The New York Times recently reported that a Manhattan jury returned a $27.5 million verdict to a 45 year-old woman who had to have her leg amputated after a bus ran over her. While such a verdict for an amputated leg is considered high in New York City, such a personal injury damages verdict would be unthinkable in upstate New York cities such as Syracuse, Auburn, Geneva, Rochester or especially in the rural areas in between. Verdicts downstate are, by and large, much larger than upstate.

Why are verdicts in the New York City area so large compared to upstate verdicts? Good question.
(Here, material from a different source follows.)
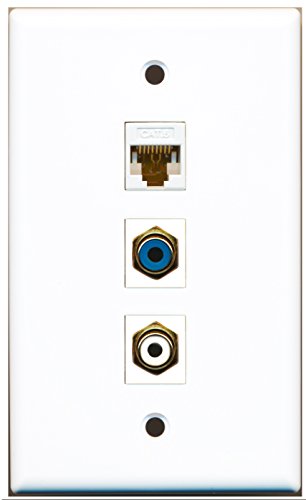 RiteAV - 1 Port RCA White and 1 Port RCA Blue and 1 Port Cat6 Ethernet White Wall Plate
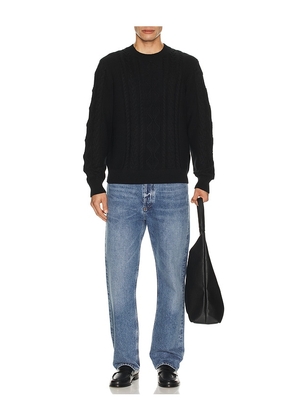Asher Andre Cable Knit Sweater in Black. Size M. Also in S, L, XL/1X.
As far as I know, there are no studies regarding why juries downstate are so generous compared to their stingy upstate counterparts. But here’s my (unscientific) take on it:

Big city dwellers tend to be more accustomed to, and comfortable with, social safety nets. They have rent subsidies and controls. They live collectively. They expect the “system” to even the inequities of life out a little bit. Big city dwellers tend to see a personal injury verdict as a way to right a wrong, a way to balance the scales, a way to help the helpless, etc. In sum, they are SOCIALLY oriented.

Rural folks, on the other hand, generally adhere to the independent frontiersman philosophy. They tend to see personal injury verdicts as a kind of “hand-out” rather than as just compensation for harm caused by a wrongdoer. They often feel that injury victims are taking advantage of the “system” to reap an undue profit. They feel people should fend for themselves, and “tough out” any bad luck that befalls them. In sum, they are SELF-SUFFICIENCY oriented.

When you try a case in Syracuse, New York, for example, even though Syracuse is a City, jury members come from the entire County of Onondaga. You are likely to get many jury members who have the rural (self-sufficiency) mindset rather than the urban (socially conscious) mindset.

Sometimes I tell my clients that their case would be worth twice as much downstate as upstate. They are shocked. They ask, “how is it fair that I should get ½ as much as someone in New York City for the same injury?” My response is this: It’s not fair, but it’s the way it is! I also tell them that we at Michaels Bersani Kalabanka have techniques we use at trial to counteract our rural juries’ “self-sufficiency” mindset, and which are more likely to produce top-dollar upstate verdicts. But I admit, any upstate verdict we get is, unfortunately, still a far cry from a downstate verdict.